This is how Robert E. Lee’s house became Arlington National Cemetery

Blake Stilwell
Jul 25, 2021 11:43 PM PDT
1 minute read
Civil War photo

SUMMARY

Before the Civil War, Robert E. Lee’s mansion was part of a Virginia estate on the Potomac River, across from the nation’s capital. It was…

Before the Civil War, Robert E. Lee's mansion was part of a Virginia estate on the Potomac River, across from the nation's capital. It was land his wife inherited from her father. At 1,100 acres, it was an idyllic area to raise George Washington's adopted great-grandchildren (his father-in-law, was George Washington Park Custis, the adopted son of the first Commander-in-Chief and our nation's first First Lady).


They must have been really upset when the Union Army came by in May of 1861 and seized it from them.

 

Taking photos at the enemy commander's house was all the rage. Probably.

 

Also Read: The Civil War started and ended at the same guy's house 

The previous month, South Carolinian contingents of the Confederate Army fired on Fort Sumter in Charleston Harbor. The Civil War had begun. President Lincoln called up the U.S. Army, who came to the capital and took control of the Arlington side of the Potomac. The area was a prime position for Union Artillery.

In April 1861, Lee was appointed commander-in-chief of Virginia's military forces. Though the state had not yet seceded, it was widely expected to do so.
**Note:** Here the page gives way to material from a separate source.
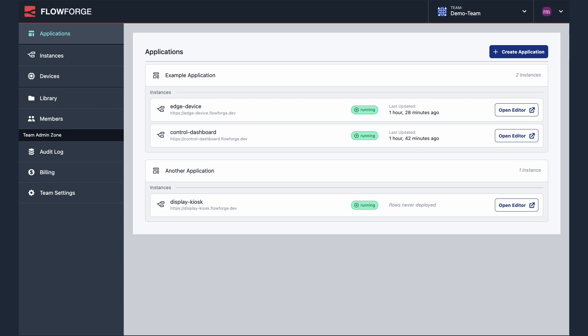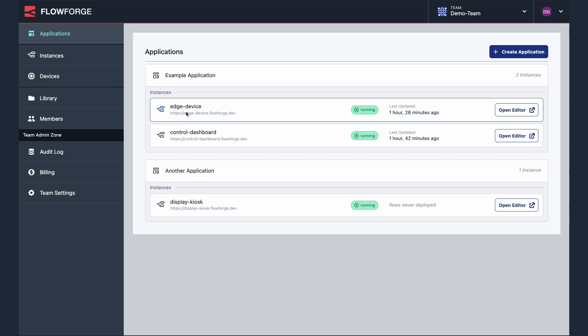Multi-instance applications allows you to group together your Node-RED instances running on both FlowForge as well as devices into a single application.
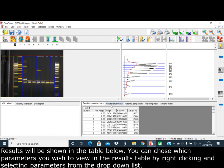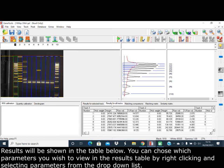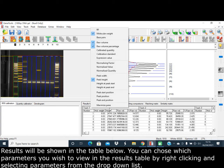Results will be shown in the table below. You can choose which parameters you wish to view in the results table by right-clicking and selecting parameters from the drop-down list.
When Virginia left the Union, Lee was appointed to a Brigadier General's rank in the Confederate Army in May 1861. That's when the U.S. government took his land and home. Lee was with his army in nearby Manassas when the U.S. Army came knocking on May 24th.

Though the war started well for Lee and Virginia, it didn't end well. After his defeat at Gettysburg, the Army of Northern Virginia would never recover and Lee would be forced to surrender at Appomattox Court House in 1865. In the meantime, the land was used by Lee's (and other) former slaves to grow food to feed the Union Army.

 

General Irvin McDowell and staff, Arlington House 1862. I told you it was all the rage.

 

Related: Robert E. Lee may have lost Gettysburg because of a heart attack 

After the war, the Lee family decided to try to get their land and home back through a series of legal battles. The main sticking point? Lee's unpaid tax bill. The U.S. government charged the Lees $92.07 in taxes on their land ($2,130.52 in today's dollars). Mary, Lee's wife sent her cousin to pay the bill, but the U.S. would only accept the payment from Lee herself. When she didn't show, they put the property up for sale.

 

Then they hoisted a giant American flag on it, just for funsies.

Now that the land was delinquent on its taxes the government could purchase it, which it did. For $26,800, the equivalent of just over $620,156 today. Except in 2017, 1100 acres of Arlington, Va. is worth millions. But in 2017, that specific 1100 acres is actually priceless, because it's now called Arlington National Cemetery. It's where the United States inters its honored war heroes.

The first graves in Arlington National Cemetery were dug by James Parks, a former slave. Parks was freed in 1862 but still lived on Arlington Estate for the duration of the war.

 

The U.S. long ago turned it into a cemetery for those troops lost in the Civil War. Union troops were buried there beginning in 1864, partly to relieve the overflowing Union hospitals and partly to keep the Lee family from ever returning. As late as 1870, the year Gen. Lee died, Mary Lee petitioned Congress to get her home back and remove the dead. The petition failed and Mary Lee died in 1873.

Her son, however, sued the government, claiming its 1864 tax auction was unconstitutional. The Supreme Court agreed and ordered the government to either remove the bodies from the cemetery or pay the Lee estate a fair market price for the land. The government paid $150,000 for the now-priceless land.